The sensitivity was expressed as 90% Confidence Level (CL) exclusion bounds on coupling parameters vs. mass.

• Dark Photons (BC1):
  • Production is dominated by forward Bremsstrahlung.
  • Result: The difference in sensitivity between the minimal (BDF 0), rearranged (BDF 3a), and full SHiP (BDF 4) configurations is marginal. The decay volume length is the primary driver, and even the minimal setup performs competitively.
• Higgs-like Scalars (BC4/BC5):
  • Similar to Dark Photons, production is forward-peaked.
  • Result: Sensitivity differences between configurations are small.

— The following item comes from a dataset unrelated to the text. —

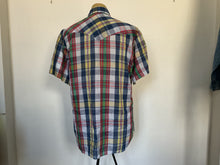 Vintage Western shirt by Ruddock, Large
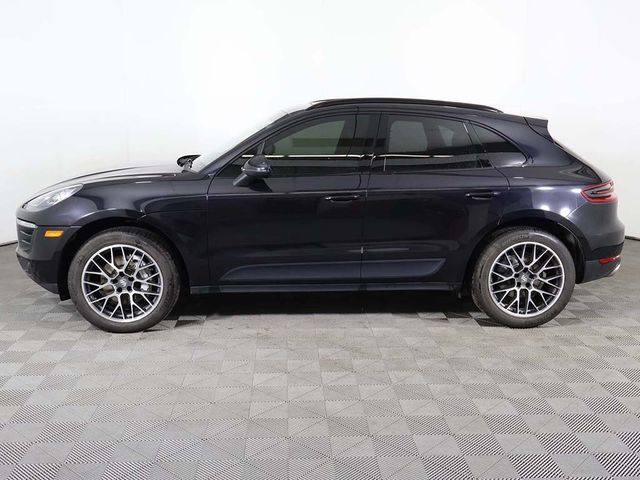 2015 Porsche Macan S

The off-axis configuration (BDF 0) shows slightly reduced sensitivity compared to on-axis, but remains competitive.
• Heavy Neutral Leptons (HNLs) (BC6–BC8):
  • Produced primarily via $D$ and $B$ meson decays, which have broader angular distributions.
  • Result: The solid angle acceptance is critical here. The full SHiP configuration (BDF 4) offers significantly better sensitivity, particularly above the $D$-meson mass threshold, compared to the NA62-based setups. However, the rearranged BDF 3a configuration still offers substantial reach compared to current limits.
• Axion-like Particles (ALPs) (BC9–BC11):
  • Photon-coupled and gluon-coupled ALPs are forward-emitted (similar to Dark Photons), showing minimal geometry dependence.
  • Fermion-coupled ALPs (BC10) rely more on $B$-meson decays, favoring larger solid angles, but the minimal setup still provides competitive exclusion limits.

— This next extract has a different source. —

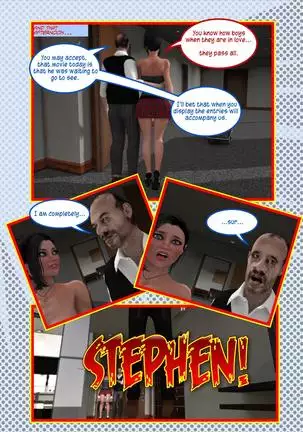 The exchange Part III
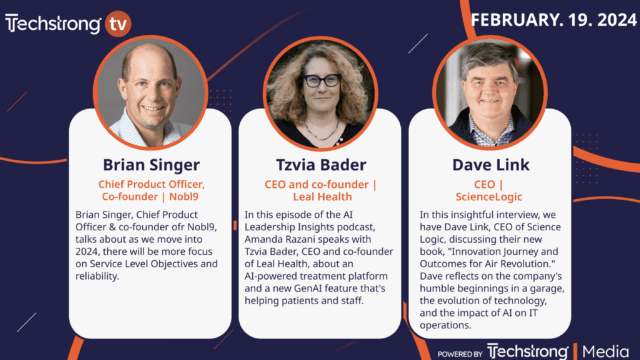 Techstrong TV – February 19, 2024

Key Finding: Even the BDF 0 (Minimal) configuration, which requires no major reconstruction of the detector hall, can probe a significant portion of the FIP parameter space, often reaching within a factor of 2–3 of the full SHiP sensitivity for forward-peaked models.

5. Significance

• Strategic Value: The paper argues that waiting for the full SHiP detector might result in a loss of discovery potential. A "minimal" NA62-based experiment could start collecting data immediately after LS3, potentially discovering new physics years earlier.
• Cost-Effectiveness: Utilizing existing, proven detectors (NA62) reduces the risk and cost associated with building a new facility from scratch.
• Background Validation: The study reinforces the feasibility of zero-background searches in beam-dump experiments by demonstrating that the NA62 background performance can be maintained or improved at the BDF with standard magnetic sweeping techniques.
• Community Impact: By using the public Alpinist framework, the authors provide a transparent and reproducible baseline for the community to evaluate future FIP search strategies at CERN and elsewhere.

In conclusion, the paper establishes that NO LESS (Novel Opportunities for Light Exotic Searches) is a viable and highly competitive strategy. It suggests that the physics community should seriously consider deploying a reconfigured NA62 detector at the BDF immediately after LS3 to maximize the scientific output of the SPS beam.